Sementara jangka waktu bagi pemegang saham yang tidak setuju dengan penggabungan usaha dan berniat untuk menjual sahamnya pada 5 Januari 2022 hingga 18 Januari 2022. Penyelesaian pembelian kembali saham pada 25 Januari 2021.
Lalu, pihak Indosat menuliskan risiko dilakukannya penggabungan usaha. Pertama, sebagai akibat dari rencana Penggabungan Usaha, H3I dan Indosat dapat merestrukturisasi manajemen dan struktur operasional mereka, meskipun hal ini dapat dilaksanakan secara bertahap.

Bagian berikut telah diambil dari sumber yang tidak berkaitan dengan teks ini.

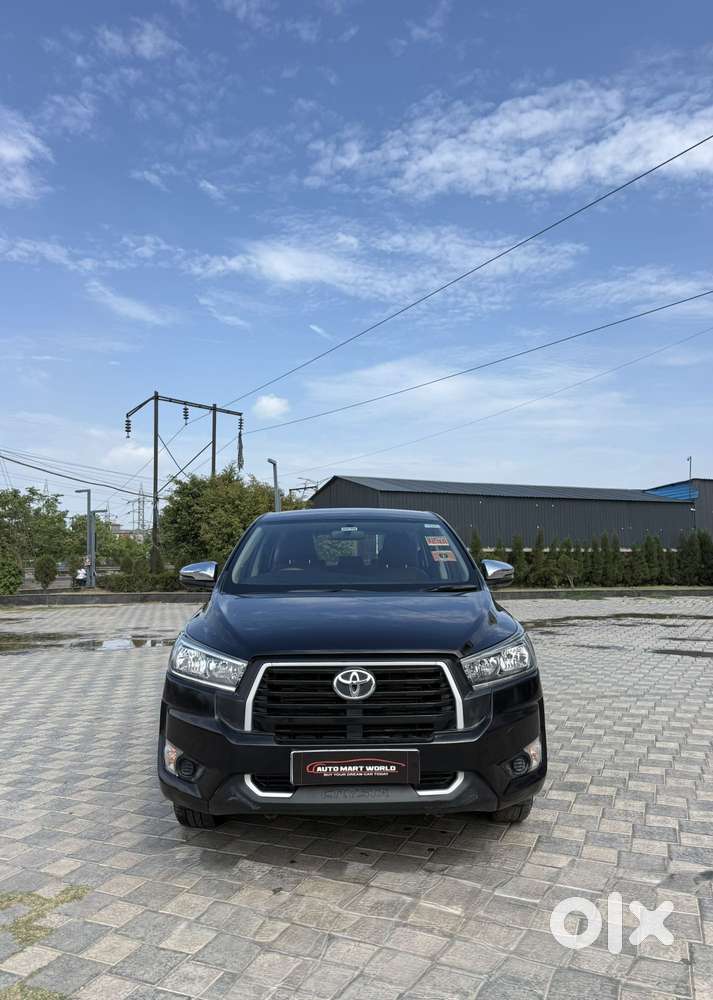 Toyota Innova Crysta 2.4 Gx Limited Edition 8 Str, 2023, Diesel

“Oleh karena itu, belum terdapat kepastian bahwa integrasi tersebut tidak akanmengganggu kegiatan usaha. Selain itu, perusahaan hasil penggabungan dapat menghadapi potensi disharmonisasi dari kombinasi manajemen atau sumber daya manusia baru terkait proses, pelatihan, dan lambatnya pengambilan keputusan,” lanjut perusahaan.

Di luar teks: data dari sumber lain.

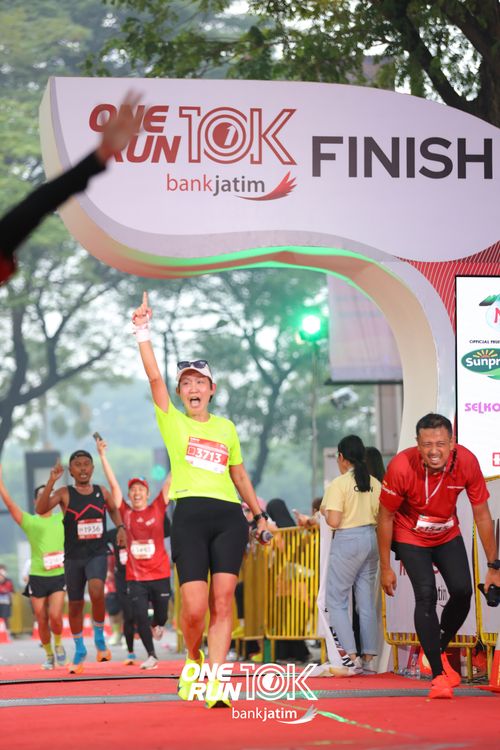 Race photo from ONE RUN 10 K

Kedua sinergi yang diharapkan dari rencana penggabungan usaha mungkin tidak dapat tercapai. Ketiga, potensi disharmonisasi dari hilangnya pelanggan umum. Perusahaan hasil penggabungan juga mungkin menghadapi kehilangan pelanggan umum setelah penggabungan usaha dan mungkin menghadapi penurunan pendapatan dan kehilangan pangsa pasar untuk menjalankan beberapa merek.
Keempat, potensi pengunduran diri karyawan. Kelima, sebagai akibat dari dari merger, ada kemungkinan bahwa rasio leverage perusahaan hasil penggabungan dapat meningkat karena biaya integrasi dan peningkatan belanja modal. Biaya pembiayaan perusahaan hasil penggabungan juga dapat meningkat karena rasio leverage yang meningkat. (detik.com)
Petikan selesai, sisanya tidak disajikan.